==== Extracted data

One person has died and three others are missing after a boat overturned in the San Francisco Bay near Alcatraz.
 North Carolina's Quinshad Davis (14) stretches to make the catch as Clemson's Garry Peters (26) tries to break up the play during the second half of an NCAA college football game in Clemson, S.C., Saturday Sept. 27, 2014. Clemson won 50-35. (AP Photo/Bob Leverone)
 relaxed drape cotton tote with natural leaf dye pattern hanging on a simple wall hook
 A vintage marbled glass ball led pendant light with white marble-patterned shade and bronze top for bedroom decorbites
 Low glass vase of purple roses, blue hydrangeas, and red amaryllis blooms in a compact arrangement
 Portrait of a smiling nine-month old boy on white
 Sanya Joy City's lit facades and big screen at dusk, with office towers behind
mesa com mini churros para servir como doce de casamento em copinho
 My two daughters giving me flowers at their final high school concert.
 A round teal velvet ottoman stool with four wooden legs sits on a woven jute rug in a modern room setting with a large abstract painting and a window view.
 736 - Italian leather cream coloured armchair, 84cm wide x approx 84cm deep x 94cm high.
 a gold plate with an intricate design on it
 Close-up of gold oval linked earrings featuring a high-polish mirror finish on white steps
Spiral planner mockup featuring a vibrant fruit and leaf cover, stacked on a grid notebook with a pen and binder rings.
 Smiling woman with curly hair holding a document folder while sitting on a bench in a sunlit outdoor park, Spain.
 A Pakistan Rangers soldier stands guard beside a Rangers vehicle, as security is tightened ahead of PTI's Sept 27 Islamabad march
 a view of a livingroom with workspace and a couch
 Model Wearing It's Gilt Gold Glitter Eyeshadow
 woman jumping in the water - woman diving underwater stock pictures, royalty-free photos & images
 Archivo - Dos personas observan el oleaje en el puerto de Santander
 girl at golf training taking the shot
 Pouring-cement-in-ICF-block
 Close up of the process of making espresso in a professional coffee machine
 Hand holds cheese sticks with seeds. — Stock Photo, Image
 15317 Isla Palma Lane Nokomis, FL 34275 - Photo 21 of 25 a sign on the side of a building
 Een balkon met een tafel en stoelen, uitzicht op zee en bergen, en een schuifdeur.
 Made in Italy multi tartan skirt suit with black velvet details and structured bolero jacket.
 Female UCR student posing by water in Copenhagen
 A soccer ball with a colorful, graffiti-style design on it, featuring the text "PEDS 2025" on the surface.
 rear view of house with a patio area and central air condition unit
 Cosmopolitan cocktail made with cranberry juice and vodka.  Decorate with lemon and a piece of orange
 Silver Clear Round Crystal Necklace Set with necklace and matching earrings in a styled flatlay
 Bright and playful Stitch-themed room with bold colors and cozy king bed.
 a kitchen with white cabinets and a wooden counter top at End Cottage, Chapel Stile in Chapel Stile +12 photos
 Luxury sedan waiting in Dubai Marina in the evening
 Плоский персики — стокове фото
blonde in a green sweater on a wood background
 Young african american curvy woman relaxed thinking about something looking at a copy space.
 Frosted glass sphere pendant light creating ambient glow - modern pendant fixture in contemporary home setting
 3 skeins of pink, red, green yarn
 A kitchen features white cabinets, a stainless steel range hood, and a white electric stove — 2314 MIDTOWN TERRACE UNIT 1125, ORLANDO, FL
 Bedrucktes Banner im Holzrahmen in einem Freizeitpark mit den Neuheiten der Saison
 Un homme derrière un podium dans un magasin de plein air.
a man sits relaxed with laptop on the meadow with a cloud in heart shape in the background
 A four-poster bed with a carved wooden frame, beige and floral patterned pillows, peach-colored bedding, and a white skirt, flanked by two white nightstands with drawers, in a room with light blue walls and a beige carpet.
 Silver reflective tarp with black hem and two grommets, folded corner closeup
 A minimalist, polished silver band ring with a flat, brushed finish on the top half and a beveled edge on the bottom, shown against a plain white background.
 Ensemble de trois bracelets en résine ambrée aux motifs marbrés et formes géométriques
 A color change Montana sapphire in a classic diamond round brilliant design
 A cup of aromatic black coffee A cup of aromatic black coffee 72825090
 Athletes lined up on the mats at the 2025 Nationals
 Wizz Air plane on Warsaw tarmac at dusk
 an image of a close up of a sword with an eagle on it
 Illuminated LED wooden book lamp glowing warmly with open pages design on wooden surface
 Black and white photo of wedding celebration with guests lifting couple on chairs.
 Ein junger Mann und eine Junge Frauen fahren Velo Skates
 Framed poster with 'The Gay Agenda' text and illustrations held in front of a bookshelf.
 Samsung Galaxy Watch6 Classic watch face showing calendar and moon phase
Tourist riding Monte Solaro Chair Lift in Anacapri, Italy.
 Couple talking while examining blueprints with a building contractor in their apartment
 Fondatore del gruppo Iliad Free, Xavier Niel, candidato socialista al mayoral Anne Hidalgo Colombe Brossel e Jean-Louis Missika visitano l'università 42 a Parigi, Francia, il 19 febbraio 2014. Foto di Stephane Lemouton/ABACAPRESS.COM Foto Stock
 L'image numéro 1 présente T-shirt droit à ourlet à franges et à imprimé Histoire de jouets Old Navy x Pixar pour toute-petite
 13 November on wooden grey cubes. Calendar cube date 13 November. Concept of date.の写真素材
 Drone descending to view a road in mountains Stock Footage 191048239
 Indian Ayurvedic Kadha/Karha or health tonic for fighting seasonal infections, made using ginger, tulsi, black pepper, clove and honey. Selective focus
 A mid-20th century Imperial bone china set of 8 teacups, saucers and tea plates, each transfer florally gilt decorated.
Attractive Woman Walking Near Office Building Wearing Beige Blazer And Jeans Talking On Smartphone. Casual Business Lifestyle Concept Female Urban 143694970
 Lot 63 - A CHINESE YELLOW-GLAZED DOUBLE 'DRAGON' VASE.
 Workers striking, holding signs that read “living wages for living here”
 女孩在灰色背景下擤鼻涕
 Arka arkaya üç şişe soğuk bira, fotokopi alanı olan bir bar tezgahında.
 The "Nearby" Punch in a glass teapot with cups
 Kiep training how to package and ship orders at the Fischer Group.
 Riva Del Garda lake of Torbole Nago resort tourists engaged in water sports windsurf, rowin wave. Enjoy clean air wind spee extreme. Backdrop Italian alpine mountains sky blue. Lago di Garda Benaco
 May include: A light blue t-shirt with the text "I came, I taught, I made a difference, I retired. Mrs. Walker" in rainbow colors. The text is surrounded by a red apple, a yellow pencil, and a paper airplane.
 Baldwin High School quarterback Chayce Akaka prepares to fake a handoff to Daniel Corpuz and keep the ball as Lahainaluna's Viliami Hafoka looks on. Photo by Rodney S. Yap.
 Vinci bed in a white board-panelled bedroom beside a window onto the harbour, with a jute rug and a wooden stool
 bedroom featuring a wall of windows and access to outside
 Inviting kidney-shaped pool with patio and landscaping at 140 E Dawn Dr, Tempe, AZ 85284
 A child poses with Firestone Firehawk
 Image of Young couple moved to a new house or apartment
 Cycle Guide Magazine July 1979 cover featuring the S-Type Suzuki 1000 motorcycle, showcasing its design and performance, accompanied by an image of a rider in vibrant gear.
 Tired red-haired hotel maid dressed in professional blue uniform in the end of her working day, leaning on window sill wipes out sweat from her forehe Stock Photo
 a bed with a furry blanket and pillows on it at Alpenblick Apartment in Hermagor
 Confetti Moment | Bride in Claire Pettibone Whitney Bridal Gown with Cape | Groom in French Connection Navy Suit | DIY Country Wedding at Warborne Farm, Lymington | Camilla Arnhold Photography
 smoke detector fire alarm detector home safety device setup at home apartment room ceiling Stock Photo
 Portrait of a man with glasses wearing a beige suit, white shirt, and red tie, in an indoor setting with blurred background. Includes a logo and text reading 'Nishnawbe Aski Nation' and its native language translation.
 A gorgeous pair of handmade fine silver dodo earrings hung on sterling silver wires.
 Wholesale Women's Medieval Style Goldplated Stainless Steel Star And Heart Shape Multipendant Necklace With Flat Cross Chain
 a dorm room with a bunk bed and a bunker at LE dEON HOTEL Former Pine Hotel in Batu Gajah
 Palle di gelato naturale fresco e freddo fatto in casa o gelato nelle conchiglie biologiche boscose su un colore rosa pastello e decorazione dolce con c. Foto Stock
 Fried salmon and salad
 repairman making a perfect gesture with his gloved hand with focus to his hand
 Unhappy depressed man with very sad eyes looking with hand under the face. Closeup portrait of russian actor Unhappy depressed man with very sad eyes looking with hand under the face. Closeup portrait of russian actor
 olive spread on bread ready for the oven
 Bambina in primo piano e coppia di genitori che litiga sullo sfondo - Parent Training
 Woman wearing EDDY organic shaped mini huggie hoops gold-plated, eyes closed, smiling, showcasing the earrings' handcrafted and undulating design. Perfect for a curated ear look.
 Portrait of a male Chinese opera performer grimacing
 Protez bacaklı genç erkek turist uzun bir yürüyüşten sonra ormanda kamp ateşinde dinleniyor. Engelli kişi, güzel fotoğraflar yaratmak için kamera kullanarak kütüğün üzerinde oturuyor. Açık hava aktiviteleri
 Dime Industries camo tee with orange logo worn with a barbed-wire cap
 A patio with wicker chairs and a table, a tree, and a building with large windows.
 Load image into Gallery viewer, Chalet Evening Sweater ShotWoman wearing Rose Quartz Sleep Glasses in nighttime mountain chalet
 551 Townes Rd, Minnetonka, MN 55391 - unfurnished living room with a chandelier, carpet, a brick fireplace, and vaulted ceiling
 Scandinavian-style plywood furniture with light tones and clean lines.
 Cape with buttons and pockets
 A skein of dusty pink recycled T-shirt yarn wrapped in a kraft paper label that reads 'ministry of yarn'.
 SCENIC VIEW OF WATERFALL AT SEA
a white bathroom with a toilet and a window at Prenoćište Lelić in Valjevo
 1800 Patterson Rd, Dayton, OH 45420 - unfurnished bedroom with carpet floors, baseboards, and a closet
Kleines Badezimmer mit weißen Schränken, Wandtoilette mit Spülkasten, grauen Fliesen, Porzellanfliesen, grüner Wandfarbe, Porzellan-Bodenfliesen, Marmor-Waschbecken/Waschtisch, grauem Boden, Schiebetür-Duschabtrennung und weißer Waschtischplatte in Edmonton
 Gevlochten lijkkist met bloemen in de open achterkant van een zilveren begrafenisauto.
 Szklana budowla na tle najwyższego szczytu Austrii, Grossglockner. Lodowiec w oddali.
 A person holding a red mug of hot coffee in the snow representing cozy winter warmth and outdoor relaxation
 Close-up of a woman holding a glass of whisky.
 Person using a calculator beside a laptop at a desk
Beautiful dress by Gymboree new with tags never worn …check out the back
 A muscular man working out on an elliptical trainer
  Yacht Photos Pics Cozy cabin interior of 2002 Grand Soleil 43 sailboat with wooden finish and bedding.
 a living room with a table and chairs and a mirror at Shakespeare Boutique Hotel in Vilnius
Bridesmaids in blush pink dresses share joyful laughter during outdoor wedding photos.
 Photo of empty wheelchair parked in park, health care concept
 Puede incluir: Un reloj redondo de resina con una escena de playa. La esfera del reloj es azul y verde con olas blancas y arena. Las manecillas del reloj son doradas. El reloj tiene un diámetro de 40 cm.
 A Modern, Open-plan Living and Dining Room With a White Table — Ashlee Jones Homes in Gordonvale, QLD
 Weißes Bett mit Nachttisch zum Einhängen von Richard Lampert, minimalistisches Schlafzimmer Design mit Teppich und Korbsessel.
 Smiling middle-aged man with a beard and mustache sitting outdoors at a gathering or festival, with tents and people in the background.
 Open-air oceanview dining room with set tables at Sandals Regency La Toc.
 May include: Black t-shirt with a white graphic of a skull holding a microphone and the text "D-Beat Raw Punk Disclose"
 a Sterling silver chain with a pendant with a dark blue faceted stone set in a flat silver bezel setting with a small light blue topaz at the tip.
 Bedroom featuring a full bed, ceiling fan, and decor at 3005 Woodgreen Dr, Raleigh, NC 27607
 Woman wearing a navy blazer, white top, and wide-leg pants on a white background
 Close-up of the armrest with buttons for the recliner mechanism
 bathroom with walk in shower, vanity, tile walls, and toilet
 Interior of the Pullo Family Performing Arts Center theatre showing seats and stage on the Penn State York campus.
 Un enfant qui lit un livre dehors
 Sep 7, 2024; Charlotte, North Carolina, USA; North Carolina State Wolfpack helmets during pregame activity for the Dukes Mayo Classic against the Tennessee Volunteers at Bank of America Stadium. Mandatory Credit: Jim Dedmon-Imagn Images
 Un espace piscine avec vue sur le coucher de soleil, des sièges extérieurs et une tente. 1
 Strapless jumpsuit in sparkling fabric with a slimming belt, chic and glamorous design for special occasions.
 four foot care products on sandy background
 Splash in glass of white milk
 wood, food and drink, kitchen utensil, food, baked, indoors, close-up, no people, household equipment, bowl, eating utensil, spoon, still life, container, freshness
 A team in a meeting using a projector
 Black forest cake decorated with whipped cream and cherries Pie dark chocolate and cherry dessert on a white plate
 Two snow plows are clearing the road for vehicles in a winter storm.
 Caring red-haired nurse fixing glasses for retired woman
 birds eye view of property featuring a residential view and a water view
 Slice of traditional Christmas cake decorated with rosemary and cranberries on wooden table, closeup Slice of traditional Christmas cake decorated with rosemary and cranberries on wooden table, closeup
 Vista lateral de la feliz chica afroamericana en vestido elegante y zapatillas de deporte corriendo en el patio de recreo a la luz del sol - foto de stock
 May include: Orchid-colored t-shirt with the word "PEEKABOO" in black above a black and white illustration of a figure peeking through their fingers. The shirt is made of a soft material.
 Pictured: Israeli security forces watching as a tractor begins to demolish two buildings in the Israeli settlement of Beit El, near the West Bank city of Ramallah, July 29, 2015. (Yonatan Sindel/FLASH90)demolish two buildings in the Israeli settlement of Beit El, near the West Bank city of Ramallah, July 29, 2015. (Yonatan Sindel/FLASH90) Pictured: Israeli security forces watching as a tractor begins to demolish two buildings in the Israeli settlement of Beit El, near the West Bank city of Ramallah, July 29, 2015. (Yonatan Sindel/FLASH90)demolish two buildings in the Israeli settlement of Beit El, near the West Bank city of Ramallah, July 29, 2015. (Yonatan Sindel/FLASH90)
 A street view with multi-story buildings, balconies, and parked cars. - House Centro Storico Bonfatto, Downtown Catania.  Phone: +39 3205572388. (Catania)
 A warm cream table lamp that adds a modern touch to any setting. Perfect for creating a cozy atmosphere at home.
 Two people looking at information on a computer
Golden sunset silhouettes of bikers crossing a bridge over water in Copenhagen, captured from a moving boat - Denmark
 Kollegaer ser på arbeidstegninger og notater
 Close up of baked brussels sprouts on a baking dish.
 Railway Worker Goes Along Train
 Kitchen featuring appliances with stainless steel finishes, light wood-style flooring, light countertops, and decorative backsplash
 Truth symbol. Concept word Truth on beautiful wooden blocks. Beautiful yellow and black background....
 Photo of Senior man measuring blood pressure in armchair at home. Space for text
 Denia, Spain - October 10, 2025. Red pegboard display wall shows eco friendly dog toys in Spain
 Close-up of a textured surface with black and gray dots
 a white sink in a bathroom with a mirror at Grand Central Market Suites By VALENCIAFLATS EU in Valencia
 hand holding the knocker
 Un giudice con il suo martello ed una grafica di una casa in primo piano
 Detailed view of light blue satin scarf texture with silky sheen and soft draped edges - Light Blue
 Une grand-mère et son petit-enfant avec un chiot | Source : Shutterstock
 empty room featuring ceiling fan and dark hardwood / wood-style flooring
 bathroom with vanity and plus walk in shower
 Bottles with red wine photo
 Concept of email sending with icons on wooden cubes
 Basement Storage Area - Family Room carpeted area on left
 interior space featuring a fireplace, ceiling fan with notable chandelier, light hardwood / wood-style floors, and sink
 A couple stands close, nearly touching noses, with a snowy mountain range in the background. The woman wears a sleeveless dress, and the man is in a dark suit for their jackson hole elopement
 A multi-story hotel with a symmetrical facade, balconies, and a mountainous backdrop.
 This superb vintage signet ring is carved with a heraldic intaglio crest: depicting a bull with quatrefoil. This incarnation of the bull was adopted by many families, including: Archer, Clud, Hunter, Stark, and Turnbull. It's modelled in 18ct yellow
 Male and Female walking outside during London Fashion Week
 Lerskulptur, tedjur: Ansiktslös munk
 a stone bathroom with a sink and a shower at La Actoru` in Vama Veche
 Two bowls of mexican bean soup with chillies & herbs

========

» What the task requires:
In the listing above, locate the line containing "A child poses with Firestone Firehawk" and the line containing "repairman making a", then transcribe both and every line between them verbatim.

» Response to the task:
 A child poses with Firestone Firehawk
 Image of Young couple moved to a new house or apartment
 Cycle Guide Magazine July 1979 cover featuring the S-Type Suzuki 1000 motorcycle, showcasing its design and performance, accompanied by an image of a rider in vibrant gear.
 Tired red-haired hotel maid dressed in professional blue uniform in the end of her working day, leaning on window sill wipes out sweat from her forehe Stock Photo
 a bed with a furry blanket and pillows on it at Alpenblick Apartment in Hermagor
 Confetti Moment | Bride in Claire Pettibone Whitney Bridal Gown with Cape | Groom in French Connection Navy Suit | DIY Country Wedding at Warborne Farm, Lymington | Camilla Arnhold Photography
 smoke detector fire alarm detector home safety device setup at home apartment room ceiling Stock Photo
 Portrait of a man with glasses wearing a beige suit, white shirt, and red tie, in an indoor setting with blurred background. Includes a logo and text reading 'Nishnawbe Aski Nation' and its native language translation.
 A gorgeous pair of handmade fine silver dodo earrings hung on sterling silver wires.
 Wholesale Women's Medieval Style Goldplated Stainless Steel Star And Heart Shape Multipendant Necklace With Flat Cross Chain
 a dorm room with a bunk bed and a bunker at LE dEON HOTEL Former Pine Hotel in Batu Gajah
 Palle di gelato naturale fresco e freddo fatto in casa o gelato nelle conchiglie biologiche boscose su un colore rosa pastello e decorazione dolce con c. Foto Stock
 Fried salmon and salad
 repairman making a perfect gesture with his gloved hand with focus to his hand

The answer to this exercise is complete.